Offers students more specialized knowledge of specific aspects of art produced during the Baroque, Rococo, and Neoclassical ages. Topics vary. Offerings include: Three Baroque Masters: Rubens, Rembrandt, and Velazquez; Caravaggio and the Caravaggisti; and Princes and Patrons: Art Collecting and Patronage in 17th Century Europe, Taste and Society; Eighteenth Century French and English Art and Art Collecting.


“Every act of creation,” said Pablo Picasso, “is first of all an act of destruction.” In the field of art, the early 20th century is undoubtedly a time of accelerated collapse for the artistic vocabulary, the values and the canon identified with the great Western tradition inherited from the Renaissance. What are the motivations of this breakdown and what kind of creation did it give rise to? This class examines the drastic transformations occurring in the field of visual arts (concentrating on painting and sculpture) from the late 19th century (impressionism, post-impressionism) to the radical passage to abstraction in the mid-1910s. This panorama of a rapidly changing art scene will end on the emergence of post–World War I avant-garde movements such as Dada and Surrealism. Major figures, such as Cézanne, Picasso or Kandinsky will be studied with particular attention, while major movements—including Cubism, Fauvism—will be given specific attention. Readings of related literature, including the critical reception of the art of the time and artists’ writings, will contribute to the understanding of this crucial period.

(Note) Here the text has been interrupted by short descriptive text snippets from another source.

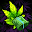 Hempire - Plant Growing Game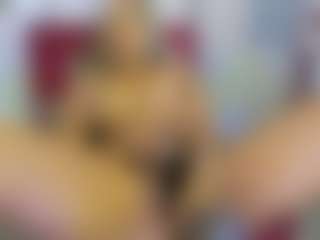 BriannaChelsea's Live Sex Cam Show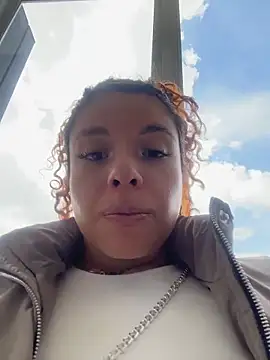 haally-mll online show from 19, 3, 2026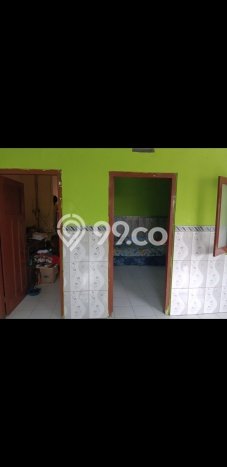 Dapatkan sekarang Vila Kawasan Prigen, Area 1985m2m², Dekat ke fasilitas Dapatkan sekarang Vila Kawasan Prigen, Area 1985m2m², Dekat ke fasilitas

This course presents the basic stylistic, thematic and theoritical concerns of the major movements in Western art, from WWII to the 1980's. Investigating the diversity of artistic responses to the challenges posed by both aesthetics legacy of the past and the new political, social and economic climate of the post-war period, this course will focus on the relationship between aesthetic theory and artistic practice.


Aesthetic autonomy is the notion that culture is a sphere apart, with each art distinct, and it is a bad word for most of us raised on postmodernist interdisciplinarity. We tend to forget that autonomy is always provisional, always defined diacritically and situated politically, always semi. …” Hal Foster (2002) Pop Art and Pop Culture investigates the relationships between arts (painting, architecture, design, film, music…) and the mass media, with a particular focus on the 1960s. Rather than relying on practical distinctions between high and low, fine arts and applied arts, serious experiment versus entertaining commercial product, the course will consider the intersections and links between the most advanced artistic endeavors and the aesthetics of the commercial and corporate environment.